Anoop Singh Mridula Sharma Shiv Prasad Yaqoob Bhat Anil Kumar Dinesh Pandey Santosh Shukla
Vol 7(4), 93-101

This study was conducted to evaluate effect of butylated hydroxytoluene (BHT) on post thaw semen quality of cattle bull. Thirty six ejaculates from two bulls were collected and extended with glycerolated egg yolk tris diluter. Samples were divided into three groups according to BHT concentration as 0 mM (C) 0.5 mM (T1) and 1.0 mM (T2). The samples were analyzed for progressive motility, sperm viability and membrane integrity at three stages i.e. post dilution (stage I), post equilibration (stage II) and post thaw (stage III). Progressive motility, sperm viability and sperm membrane integrity were significantly (p<0.05) higher in T1 & T2 compared to the control. The concentration 1mM of BHT showed better results as compared to 0.5 mM. BHT addition improved the sperm quality probably due to its antioxidant property as it reduces the lipid peroxidation of the sperms.

Keywords : Sperm Viability Butylated hydroxytoluene Membrane Integrity Antioxidant Crossbred Bovine Spermatozoa


Cryopreservation is detrimental to sperm function and fertility even with the most up to date technique. Sperm viability and fertility is decreased by about 50% after cryopreservation (Lessard et al., 2000). There are many harmful conditions such as cold shock, osmotic stress, ice crystal formation or oxidative damage etc which cause sperm cryoinjury and loss of sperm viability and fertility. The detrimental conditions of sperm are due to mechanical and osmotic phenomenon, oxidative stress, increased membrane permeability, lipid per oxidation and subsequent membrane damage. Physiological levels of reactive oxygen species (ROS) play essential roles in sperm capacitation; acrosomal reaction and fertilization process (Bailey et al., 2000). However, higher production of ROS due to oxidative stress during freezing and thawing of bull semen is responsible for the deterioration of semen quality (Bilodeau et al., 2000). The damage due to increased ROS can occur in sperm bio-membrane system due to presence of high content of polyunsaturated fatty acids (Kankofer et al., 2005). Increased ROS affect motility, plasma membrane integrity, viability and acrosomal integrity (Bilodeau et al., 2001 and Lenzi et al., 2002) which ultimately reduce the fertilization potential of the spermatozoa. The ROS are highly reactive in nature and combine readily with other molecules causing oxidation and structural and functional changes which lead to cellular damage.

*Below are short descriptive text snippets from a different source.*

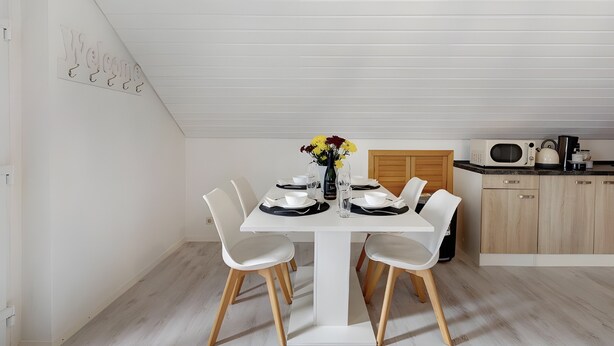 Un coin repas avec une table blanche dressée pour quatre personnes, un vase rempli de fleurs et un espace cuisine équipé d’un four à micro-ondes et de placards.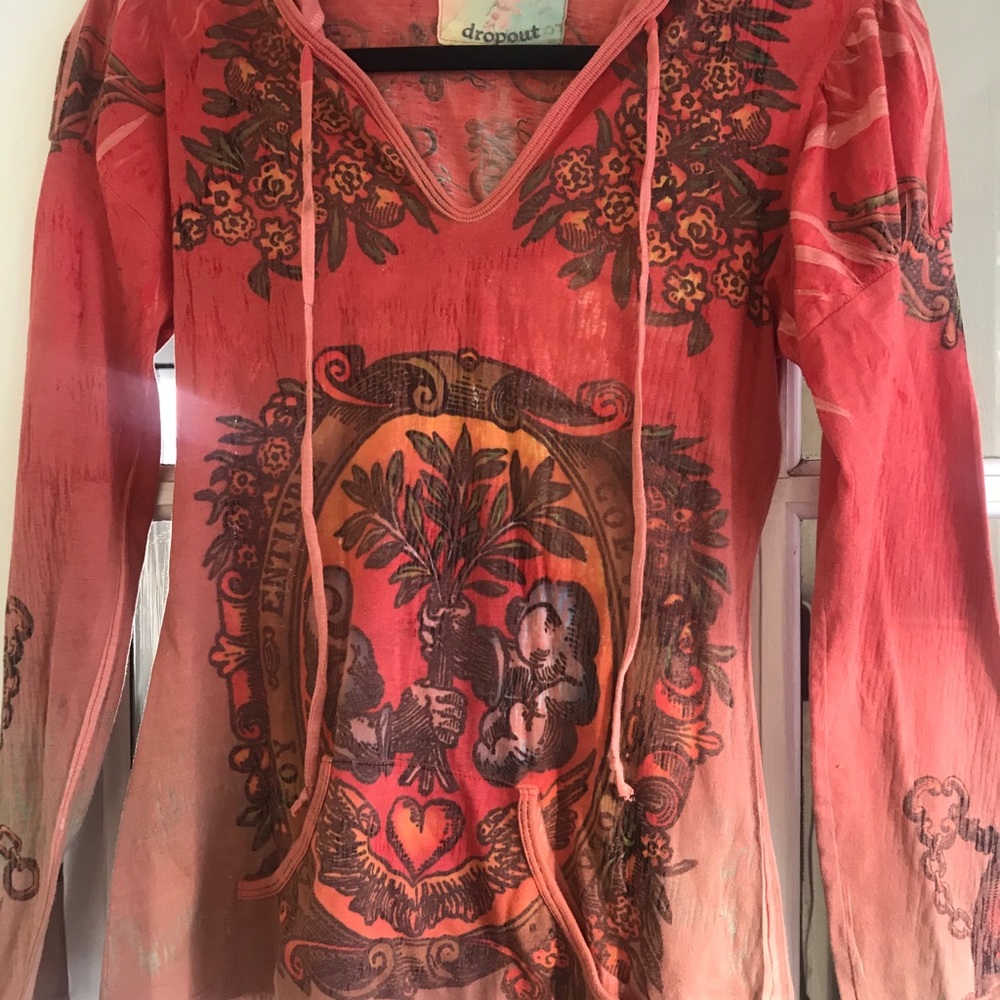 Orange pullover top with hood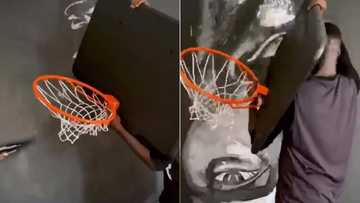 Internet users react as African artist does amazing Kobe Bryant painting with basketball hoop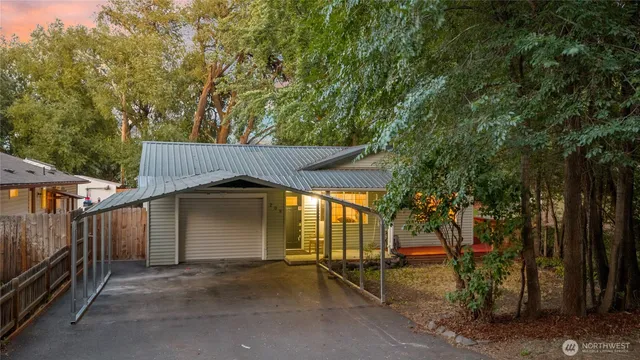 a front view of house with yard outdoor seating and barbeque oven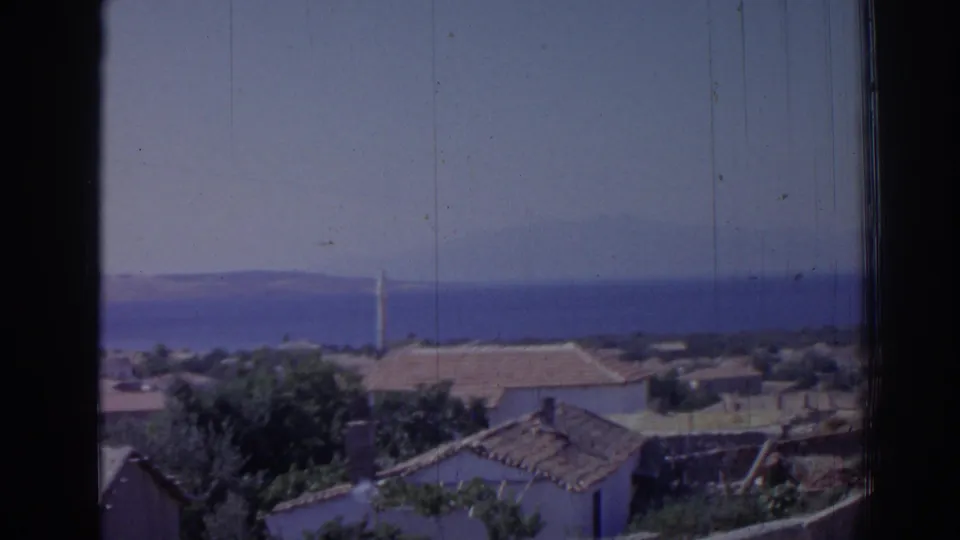 1962 Izmir 8mm still with foreground rooftops and trees, a blue coastal horizon, distant hills, and a narrow minaret.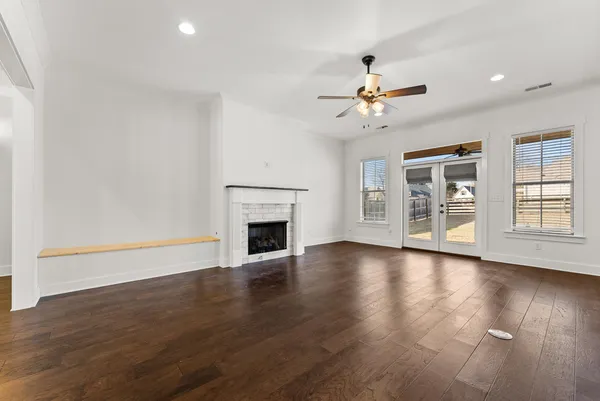 a view of kitchen with furniture and wooden floor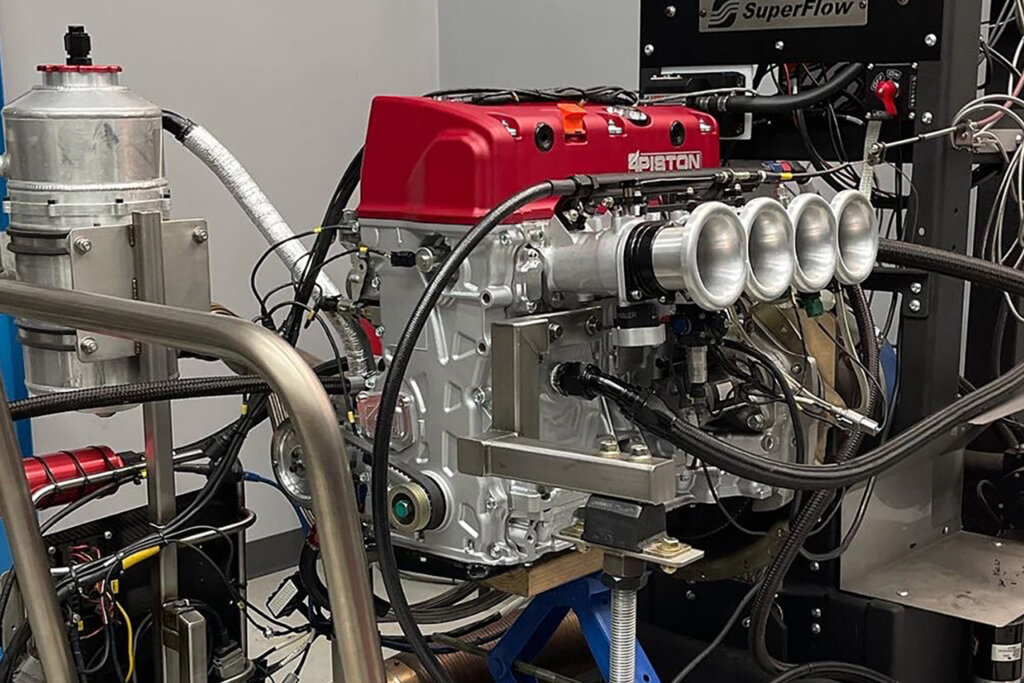 K20 engine with red cover and large openings on an engine stand with cables and tubing everywhere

The sperm plasma membrane is the primary site of damage induced by cryopreservation. Sperm cells lack cytoplasmic component which contain significant antioxidants. Hence, they are highly susceptible to lipid per oxidation by oxygen free radicals and H2O2 (Baumber et al., 2003 and Ogretmena, F. and Inanan, B.E. 2014). Free oxygen radicals in the sperm cells play a major role in lipid per oxidation as well as in protein damages that lead to cell death (Shoae, A. and Zamiri, M.J. 2008) or altered characteristics (DNA and sperm membrane damages). Concentration of naturally present antioxidant is usually decreased during the cryopreservation process by dilution of semen with extender and excessive generation of ROS molecules (Roca et al., 2004) and its harmful effect to sperms is not nullified by naturally present antioxidant. Hence supplementation of natural or synthetic antioxidants in semen extender would be beneficial for the improvement of post-thawed semen characteristics (Jamadia et al., 2016). Addition of vita-E, vita-C, glutathione (GSH), cysteine, taurine, hypotaurine, caffine, bovine serum albumin (BSA), trehalose and hyaluronan etc. to semen extender has been reported to have a positive influence in control of cryodamages of spermatozoa (Patel et al., 2015).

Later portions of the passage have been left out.